By Nick MentaMay 25, 2018, 8:40 pm

A former U.S. Open champion appears to be finding his form just three weeks ahead of the year's second major.

Justin Rose ascended to the top of the leaderboard Friday at the Fort Worth Invitational, with rounds of 66-64 pushing him to 10 under par for the week.

Through 36 holes at Colonial, Rose has marked down 12 birdies and just two bogeys.

"Yeah, I did a lot of good things today," Rose said. "I think, you know, the end of my round got a little scrappy, but until the last three holes it was pretty flawless. I think I hit every fairway pretty much and obviously every green to that point. ...

"Yeah, the way I played through, I guess through my first 15 holes today, was about as good as I've played in a long time."


Full-field scores from the Fort Worth Invitational

Fort Worth Invitational: Articles, photos and videos


Rose won in back-to-back weeks last fall, stunning Dustin Johnson at the WGC-HSBC Championship and riding that victory right into another at the Turkish Airlines Open.

Now the 2013 U.S. Open winner at Merion feels himself once again rounding into form ahead of this year's Open at Shinnecock. A final-round 66 at The Players gave Rose something to focus on in his recent practice sessions with swing coach Sean Foley, as the two work to shore up the timing of Rose's transition into the downswing.

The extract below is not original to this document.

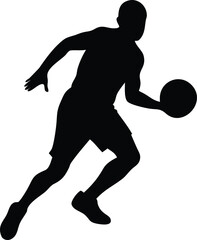 Black Silhouette of a Basketball Player - Vector Graphic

As for his decision to tee it up at Colonial for the first time since 2010, "It was more the run of form really," Rose explained. "I feel like if I didn't play here it was going to be a little spotty going into the U.S. Open. I felt like I wanted to play enough golf where I would have a good read on my game going into Shinnecock.

"So rather than the venue it was more the timing, but it's obviously it's just such a bonus to be on a great layout like this."

For whatever reason, Rose does tend to play his best golf at iconic venues, having won PGA Tour events at Muirfield Village, Aronimink, Cog Hill, Doral, Merion and Congressional.